During the biggest stint of the tour, when we were away near a fortnight in one go, I was invited to an audition in Glasgow on our day off. (NB. I have had one audition and one offer of acting work this year – both fell in the 11 days we were away on that part of the tour. Ha ha, theatre gods, ha ha). This seemed perfect. If I could sweet talk Sarah and Michael into doing this move on their own, I could nip down and up in the day. It would mean a lot of travel in one day, but I could do it.
We were in Thurso. Audition in Glasgow.
Google maps informed me that the fastest way down was to GET A BOAT to Orkney and FLY A PLANE from there. No. I would have to be a long bus/train route. Turns out that was going to be an 18 hour round trip. In fact, by the time I got down, it would be too late to get back up the same day. Even driving it was going to be 14 hours. How many times do I have to learn that there is So Much Scotland beyond Inverness?
It was a privilege to skirt some of Scotland’s edges, the mainland anyway. We only made it to Coll among the islands. I really hope we get to tour it to Orkney sometime soon – Orkney is a great place and Orkney is a great language variety. There’s also not enough in the middle of the North East – Angus, Aberdeenshire. I’m greedy, though, look at our cool map of stops.
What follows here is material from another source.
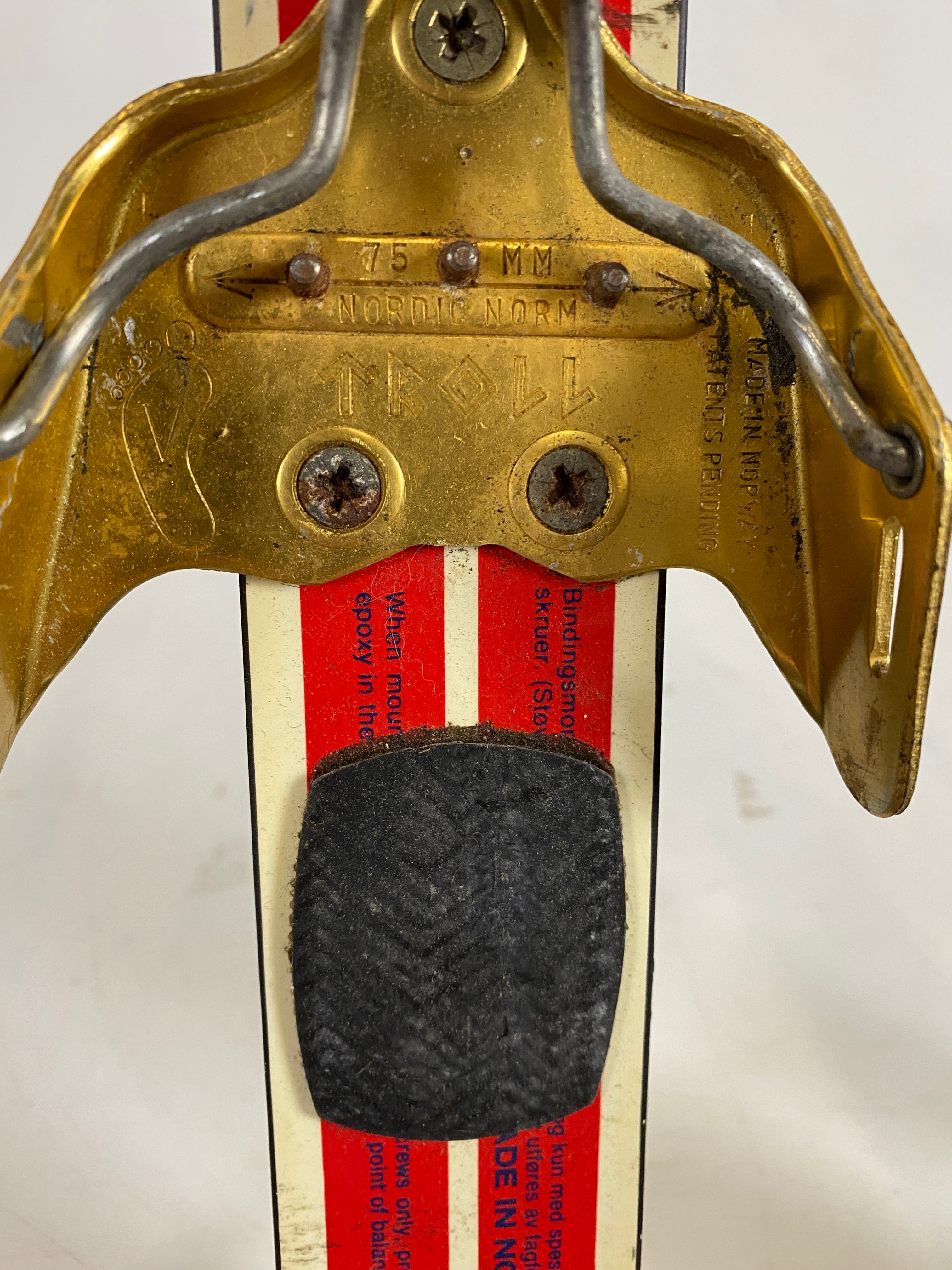 Bonna Cross Country Skis Waxless w/ Poles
We went to many places I had never been before, or where I have spent very little time. Highlights I will return to: Elgin, Galashiels, Dumfries and Galloway (a real eye-opener for my other half, who came to see the last show at The Swallow Theatre and was like, ‘Where ARE we? This place is beautiful.’ Notice he said, ‘where are we?’ even though he had driven down by himself – he gets magically beamed from place to place by sat nav).
Scotland is small.
As always happens in Scotland, I met people who knew people who I knew. This is a trick I have gained from my mother who can find a blood relative in any group of Scots of 12 people or more. People told each other about the show, and we would get someone coming to see it in one place on the recommendation of a friend who had seen it a hundred miles away. During the show, in a totally flawless manner, I took to sneakily mentioning the fact that we are doing a Fringe run (book here book here book here), and almost everyone who spoke to me afterwards felt that they might come down or up and see it again, and bring someone. Edinburgh is near. Even when it is 8 hours away.
Scots is big.
Or people see it as such. The variation in Scots is a real joy, but it is also used by people as a reason not to use it. I was told in Eyemouth that there were worries about the new Scots Language Award being taught in the school because if you taught someone Eyemouth they wouldn’t be understood by people up the road. The differences are a point of pride, but they are also a separator. But how can I talk about the importance of seeing the connections between different varieties of Scots, when I want to highlight the difference between different varieties of Anglic languages more broadly? If we unite we have more bargaining power, but it is the unification of the languages of the United Kingdom to one monolithic monolingualism that is my issue. I might need another few tours to work that one out. For now, you can watch me wrestle with issues like these on the blog where I answer audience questions: oisforhoolet.com. As I discovered on tour, I basically reinvented the wheel/Language Log.
Scots is small.
Or people see it as such. Part of why I started this project back in 2014 was to make myself write in Scots, to increase my confidence. And what do you know, it worked. Talking with many different people, particularly long chats with Michael in Scots, increased my confidence times 100. The talking and also the fact that one audience member quoted a writer to me (whose name I have embarrassingly forgotten) who, when asked how to work towards improving the lot of Scots said: yaise it in season, yaise it oot o season. That opened a door, to give up stressing about whether this place or that place was the place for Scots. That same night in Galashiels I was asked about language ownership and I talked myself into the place where I felt, screw it, IT’S ALL MINE IT’S ALL YOURS AND ANYONE WHO FEELS OTHERWISE JUST ISN’T HERE YET. My website banner line to describe what I do is ‘Theatre making, performing and thinking while talking’. I did so much talking on this tour, I got to do a whole wheen of thinking, but there’s so much more to do.
Roll on the Fringe, the world’s largest festival of thinking while talking.